Consider a matrix $A_{3X4}$ = $\begin{bmatrix} 1 & 3& 3 &2 \\ 2& 6 & 9&7 \\ -1 &-3 &3 & 4 \end{bmatrix}$
The Echelon form of this matrix after Row operations
$R_2=R_2-2R_1$
$R_3=R_3+R_1$
$R_3=R_3-2R_2$
would be
$\begin{bmatrix} 1 & 3& 3 &2 \\ 0& 0 & 3&3\\ 0 &0 &0 & 0 \end{bmatrix}$
Now, we have our system $Ax=b$
which can be represented as
$\begin{bmatrix} 1 & 3& 3 &2 \\ 2& 6 & 9&7 \\ -1 &-3 &3 & 4 \end{bmatrix}$.$\begin{bmatrix} u\\ v\\ w\\ y \end{bmatrix}=\begin{bmatrix} b_1\\ b_2\\ b_3 \end{bmatrix}$
Perform the same Row operations as listed above and then it becomes
$\begin{bmatrix} 1 & 3 & 3 & 2\\ 0&0 & 3 & 3\\ 0&0 & 0 & 0 \end{bmatrix}.\begin{bmatrix} u\\ v\\ w\\ y \end{bmatrix}=\begin{bmatrix} b_1\\ b_2-2b_1\\ b_3-2b_2+5b_1 \end{bmatrix}$
Let this system be $Ux=c$
Now, your system would be consistent, if $b_3-2b_2+5b_1=0$ which validates option (A).

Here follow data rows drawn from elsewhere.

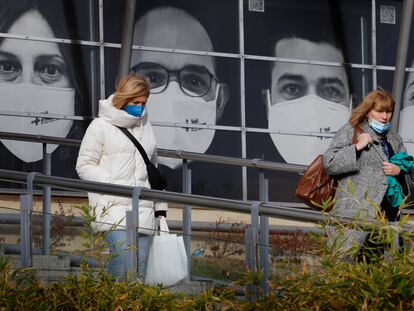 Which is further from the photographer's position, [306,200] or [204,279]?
[306,200]

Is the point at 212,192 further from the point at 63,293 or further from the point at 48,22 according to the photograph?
the point at 63,293

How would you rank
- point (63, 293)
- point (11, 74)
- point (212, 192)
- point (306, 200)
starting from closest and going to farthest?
point (63, 293)
point (306, 200)
point (11, 74)
point (212, 192)

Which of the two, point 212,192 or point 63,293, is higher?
point 212,192

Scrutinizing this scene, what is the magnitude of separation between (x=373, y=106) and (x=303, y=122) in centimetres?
920

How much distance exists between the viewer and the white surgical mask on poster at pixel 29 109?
16922 millimetres

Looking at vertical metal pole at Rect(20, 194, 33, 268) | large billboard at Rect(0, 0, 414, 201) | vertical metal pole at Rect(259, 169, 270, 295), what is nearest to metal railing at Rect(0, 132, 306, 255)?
vertical metal pole at Rect(259, 169, 270, 295)

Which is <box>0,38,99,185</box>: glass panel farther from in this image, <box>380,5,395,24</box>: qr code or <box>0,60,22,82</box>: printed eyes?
<box>380,5,395,24</box>: qr code

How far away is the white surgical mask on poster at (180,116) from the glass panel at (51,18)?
115cm

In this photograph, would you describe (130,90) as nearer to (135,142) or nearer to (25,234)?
(135,142)

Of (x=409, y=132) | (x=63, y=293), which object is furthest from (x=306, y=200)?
(x=409, y=132)

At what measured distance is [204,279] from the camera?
27.6ft

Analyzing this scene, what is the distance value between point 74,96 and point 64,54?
514mm

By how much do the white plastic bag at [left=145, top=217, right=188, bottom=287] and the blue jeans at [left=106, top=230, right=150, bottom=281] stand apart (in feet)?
0.14

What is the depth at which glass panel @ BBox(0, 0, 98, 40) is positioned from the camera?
17.2 m
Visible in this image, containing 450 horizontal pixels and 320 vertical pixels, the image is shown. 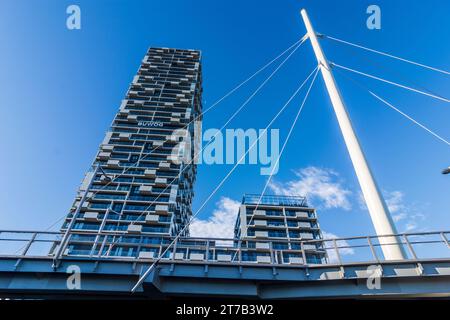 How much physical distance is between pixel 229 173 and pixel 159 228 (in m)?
38.0

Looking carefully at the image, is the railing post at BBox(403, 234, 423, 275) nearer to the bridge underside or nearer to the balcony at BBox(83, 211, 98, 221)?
the bridge underside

Option (B), says if $Ax=0$ then this system has infinitely many solutions and yes, because you take any constant $c \not=0$,
$Acx=0$
Option(D) says if A is an nxn matrix and rank(A)=n, means all the rows and columns of A are linearly independent, then there is no such non-zero vector that can take some combinations of columns of A and produce a zero vector. And, thus the only solution to $Ax=0$ is the vector $X=0$ which is a trivial solution, so this option is true.

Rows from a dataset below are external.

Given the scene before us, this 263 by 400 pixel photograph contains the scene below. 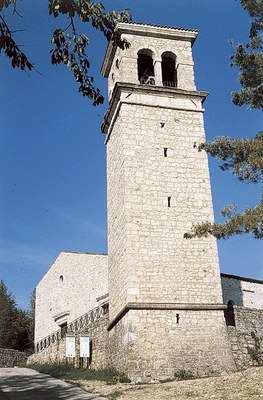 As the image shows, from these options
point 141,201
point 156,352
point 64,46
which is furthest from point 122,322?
point 64,46

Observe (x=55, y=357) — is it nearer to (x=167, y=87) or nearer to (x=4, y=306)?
(x=167, y=87)

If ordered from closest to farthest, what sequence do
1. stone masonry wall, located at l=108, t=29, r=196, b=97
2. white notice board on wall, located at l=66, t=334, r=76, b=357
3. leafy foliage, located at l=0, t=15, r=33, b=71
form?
leafy foliage, located at l=0, t=15, r=33, b=71 < white notice board on wall, located at l=66, t=334, r=76, b=357 < stone masonry wall, located at l=108, t=29, r=196, b=97

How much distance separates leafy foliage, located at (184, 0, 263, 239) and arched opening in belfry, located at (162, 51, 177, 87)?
6.94 m

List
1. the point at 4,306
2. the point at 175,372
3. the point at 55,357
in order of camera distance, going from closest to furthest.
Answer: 1. the point at 175,372
2. the point at 55,357
3. the point at 4,306

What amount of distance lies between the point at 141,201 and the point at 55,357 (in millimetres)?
9969

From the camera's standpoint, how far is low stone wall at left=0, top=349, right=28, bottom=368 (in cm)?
2650

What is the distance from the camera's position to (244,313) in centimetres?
1691

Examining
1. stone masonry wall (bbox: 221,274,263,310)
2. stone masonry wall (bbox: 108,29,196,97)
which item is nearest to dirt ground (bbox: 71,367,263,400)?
stone masonry wall (bbox: 221,274,263,310)

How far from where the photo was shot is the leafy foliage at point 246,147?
1191cm

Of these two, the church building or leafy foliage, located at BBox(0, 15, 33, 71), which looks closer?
leafy foliage, located at BBox(0, 15, 33, 71)

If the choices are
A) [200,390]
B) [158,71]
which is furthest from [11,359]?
[200,390]

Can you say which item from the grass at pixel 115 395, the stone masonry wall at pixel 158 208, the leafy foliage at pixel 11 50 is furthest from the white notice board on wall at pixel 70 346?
the leafy foliage at pixel 11 50

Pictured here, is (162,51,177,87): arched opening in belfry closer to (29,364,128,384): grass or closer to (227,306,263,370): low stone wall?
(227,306,263,370): low stone wall

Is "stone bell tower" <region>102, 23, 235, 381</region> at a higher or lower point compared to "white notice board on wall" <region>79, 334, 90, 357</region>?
higher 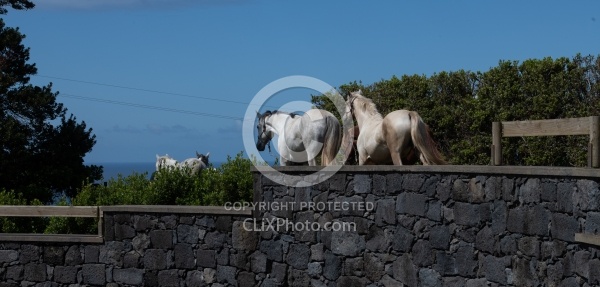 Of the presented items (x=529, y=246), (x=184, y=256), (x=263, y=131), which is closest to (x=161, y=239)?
(x=184, y=256)

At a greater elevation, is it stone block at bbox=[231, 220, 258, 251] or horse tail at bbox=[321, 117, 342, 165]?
horse tail at bbox=[321, 117, 342, 165]

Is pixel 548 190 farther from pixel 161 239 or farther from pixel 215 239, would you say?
pixel 161 239

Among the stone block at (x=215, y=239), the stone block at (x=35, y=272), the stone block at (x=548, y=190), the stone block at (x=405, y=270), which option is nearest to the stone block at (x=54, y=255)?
the stone block at (x=35, y=272)

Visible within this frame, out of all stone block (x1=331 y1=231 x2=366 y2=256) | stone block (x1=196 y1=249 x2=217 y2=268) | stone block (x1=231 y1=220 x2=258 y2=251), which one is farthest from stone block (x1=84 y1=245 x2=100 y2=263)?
stone block (x1=331 y1=231 x2=366 y2=256)

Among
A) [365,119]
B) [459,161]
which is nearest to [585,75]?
[459,161]

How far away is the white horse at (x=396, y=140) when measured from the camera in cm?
1414

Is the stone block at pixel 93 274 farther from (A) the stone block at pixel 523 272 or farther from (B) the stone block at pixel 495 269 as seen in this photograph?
(A) the stone block at pixel 523 272

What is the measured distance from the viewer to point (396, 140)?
14.3m

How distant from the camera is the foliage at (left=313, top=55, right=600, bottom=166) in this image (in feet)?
69.6

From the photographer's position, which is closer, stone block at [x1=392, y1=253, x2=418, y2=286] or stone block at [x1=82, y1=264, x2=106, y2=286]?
stone block at [x1=392, y1=253, x2=418, y2=286]

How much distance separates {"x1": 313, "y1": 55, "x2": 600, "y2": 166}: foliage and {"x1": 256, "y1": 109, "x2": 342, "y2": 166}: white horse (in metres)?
7.22

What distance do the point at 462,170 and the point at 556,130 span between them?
159 centimetres

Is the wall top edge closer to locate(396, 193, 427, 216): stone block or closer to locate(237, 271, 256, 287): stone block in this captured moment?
locate(396, 193, 427, 216): stone block

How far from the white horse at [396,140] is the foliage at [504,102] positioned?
23.7 ft
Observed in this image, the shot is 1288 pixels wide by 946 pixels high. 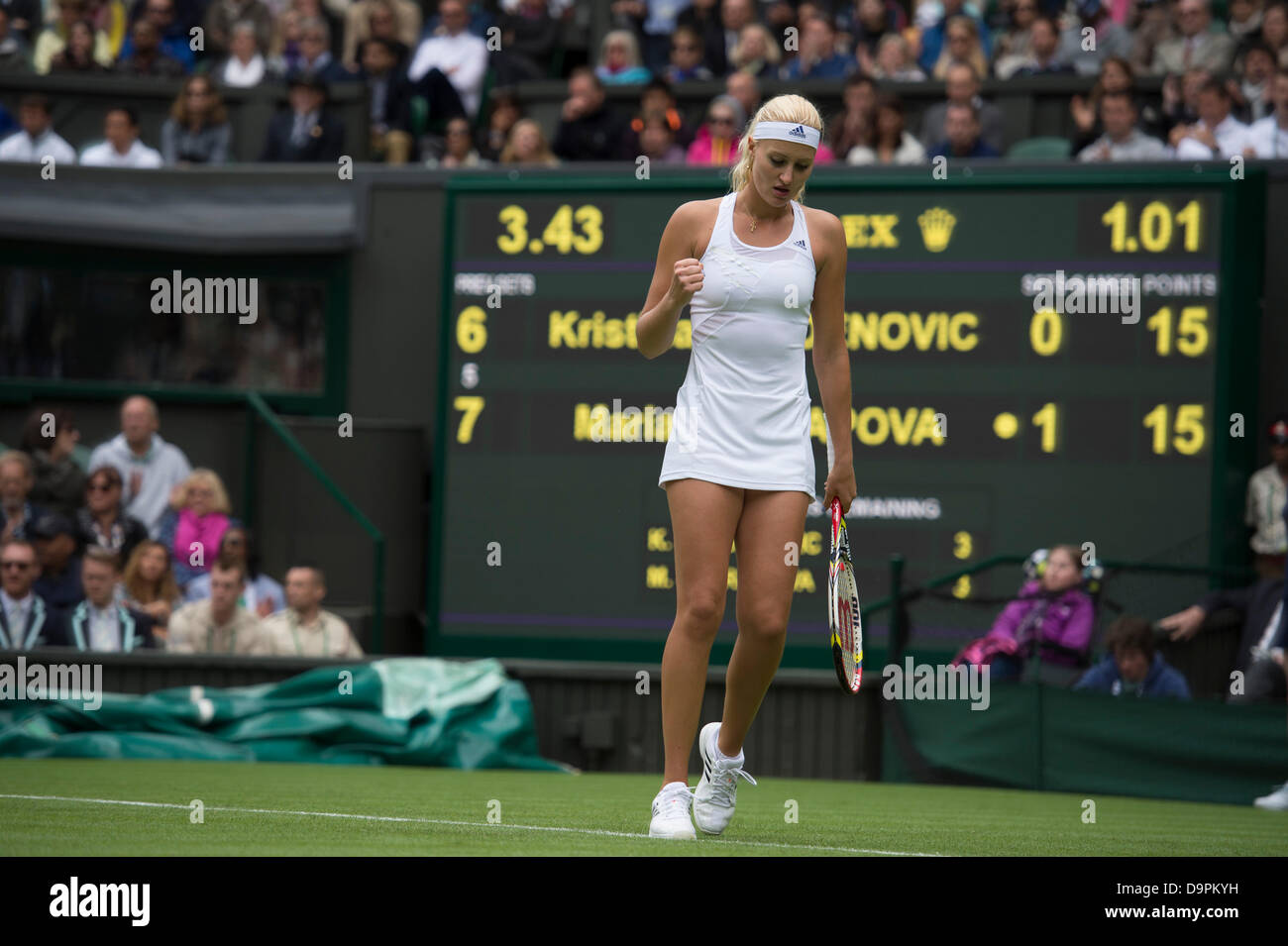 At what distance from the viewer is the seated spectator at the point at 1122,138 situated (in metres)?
Answer: 12.3

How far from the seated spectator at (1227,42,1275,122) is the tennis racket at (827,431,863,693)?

Option(C) asserts that if m=n and b is a non-zero vector, then system has unique solution which is clearly false.
Why?
For the system, $Ax=b$ to have a solution for a non-zero b, the vector b must be such that it can be produced by some linear combinations of columns of A.This means, b must be in the Column Space of A.

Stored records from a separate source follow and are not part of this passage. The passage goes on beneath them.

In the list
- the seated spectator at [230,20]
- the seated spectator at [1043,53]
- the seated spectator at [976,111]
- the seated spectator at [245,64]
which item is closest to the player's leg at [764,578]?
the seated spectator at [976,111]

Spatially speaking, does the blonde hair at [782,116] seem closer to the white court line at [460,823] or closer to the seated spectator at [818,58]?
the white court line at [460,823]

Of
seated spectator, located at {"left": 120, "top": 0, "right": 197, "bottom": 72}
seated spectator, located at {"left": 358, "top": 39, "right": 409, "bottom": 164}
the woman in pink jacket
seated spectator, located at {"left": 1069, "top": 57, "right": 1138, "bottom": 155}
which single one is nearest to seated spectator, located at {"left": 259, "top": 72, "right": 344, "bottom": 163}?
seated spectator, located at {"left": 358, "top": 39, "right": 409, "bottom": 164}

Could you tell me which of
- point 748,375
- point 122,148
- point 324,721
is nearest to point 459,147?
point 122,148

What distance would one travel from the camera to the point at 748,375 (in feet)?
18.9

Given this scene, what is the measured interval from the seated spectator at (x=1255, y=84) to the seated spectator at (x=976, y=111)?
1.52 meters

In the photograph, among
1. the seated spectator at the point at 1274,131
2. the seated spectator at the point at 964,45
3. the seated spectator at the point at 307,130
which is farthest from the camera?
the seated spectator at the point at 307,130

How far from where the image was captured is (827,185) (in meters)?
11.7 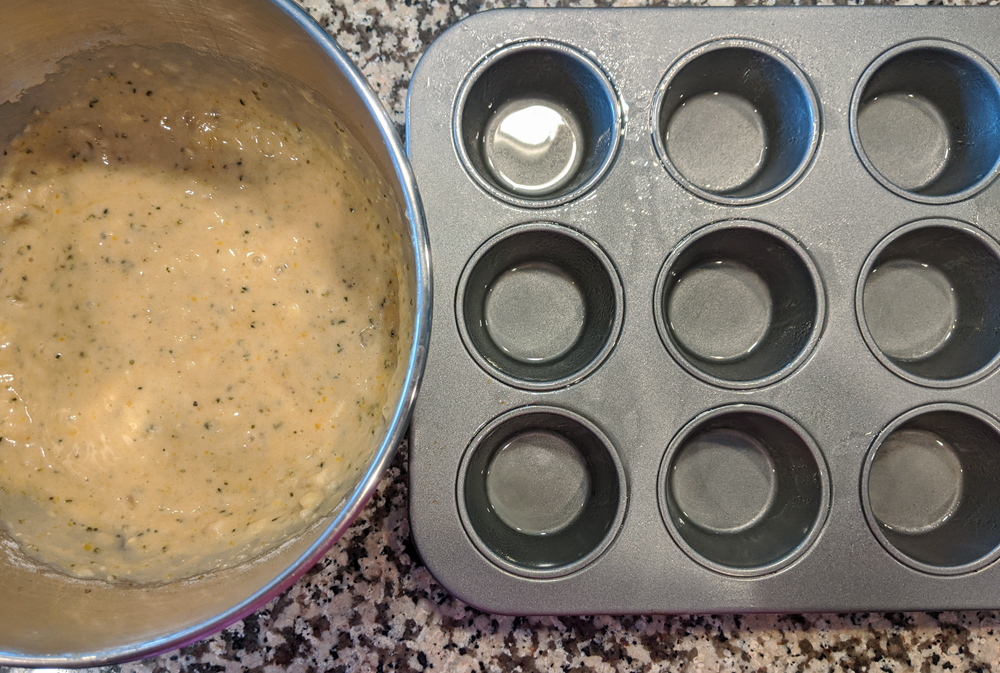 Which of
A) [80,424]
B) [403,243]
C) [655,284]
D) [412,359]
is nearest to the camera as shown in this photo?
[412,359]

In the above system $Ux=c$ it has a solution when $c=$$\begin{bmatrix} 1(b_1))\\ 5(b_2)\\ 5(b_3) \end{bmatrix}$ and it is inconsistent, means does not have a solution when $c=$$\begin{bmatrix} 1(b_1))\\ 5(b_2)\\ 6(b_3) \end{bmatrix}$
Hence, Option (C) is the answer.